Speculation rules the nation

However, biotech-friendliness at Euronext Brussels took a turn for the worse in 2016. The Belgian government implemented a so-called speculation tax, where traders pay 33% of stock trade profits as a tax if the particular stock has been in their portfolio for less than 6 months. Designed to discourage large-scale speculation, the tax had an especially detrimental effect on small biotech stocks.

“It’s a killing blow to smaller, high-risk companies who are dependent on the retail investors, and biotech companies fit that bill perfectly,” De Kerpel says. “It’s incomprehensible to me that the government invests a lot in the sector, and does so very professionally, while at the same time implementing a rule that particularly impacts that same sector. Fluent share trading, which is so essential for biotech stocks, is seriously hampered by this tax. Imagine having to pay 33% of your profits while still taking the risks of investing in biotech. Retail investors simply stop participating, and the stock is completely blocked. My plea is for a serious revision of the measure, especially for small companies with higher-than-average risk.”

The speculation tax is a killing blow to smaller, high-risk companies who are dependent on the retail investors.  Biotech companies fit that bill perfectly.
 

Go with the newsflow

Despite all this, biotech remains one of the most interesting sectors for investors, with high returns when companies are able to successfully develop new therapies and deliver on their business plans. But how can the retail investor find his or her way, given the complicated science and difficult-to-predict stock prices inherent to the biotech market?

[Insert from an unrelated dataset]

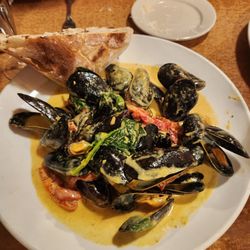 Lago - Special app: curry mussels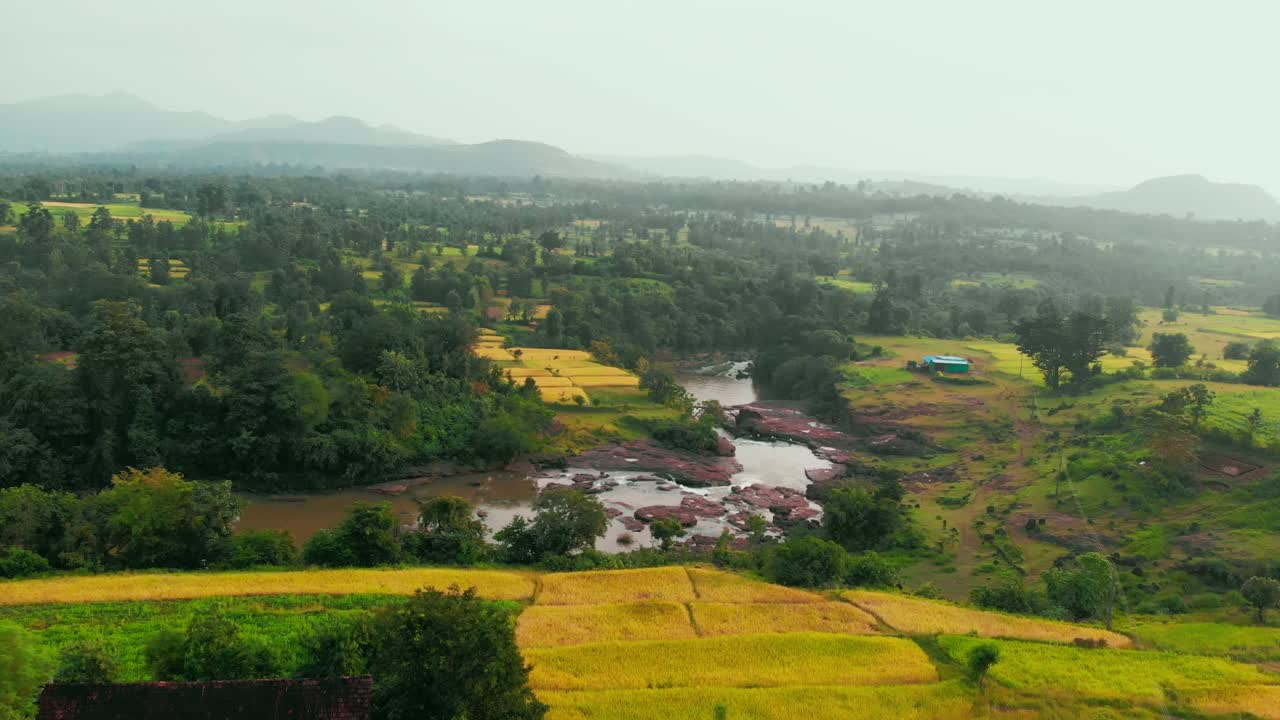 río que fluye de maharashtra a través de rocas y montañas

“Before investors get into biotech stocks, they should realize that it’s a risky undertaking,” De Kerpel advises. “If you’re going to lie awake at night because one of your shares didn’t perform as predicted on good or bad data, maybe you shouldn’t invest in this sector. Also, buying biotech stocks and leaving them on the shelf for months or years isn’t a good idea. There’s a lot of newsflow in biotech to which share prices can react, and this should be followed closely. Of course, companies communicate what they want, so how do you interpret this one-sided and often complicated news? Look for different channels to acquire news: go to investor forums, read analyst reports, perhaps take a look at investor magazines. These will help you to form a clear judgment. Also, company events are interesting. You can get to know the details of a company, and, more importantly, get a feel for the management. People can easily estimate if a CEO knows what he or she is doing or if they’re dealing with a cowboy.

Another tip: Don’t be afraid to take some profit when things are looking good. When the entire sector is performing well, sell part of your biotech portfolio. At these times, high valuations are less company-dependent. Those are great opportunities to take profits. These can then be used to buy when shares are lower due to macro-economic circumstances.”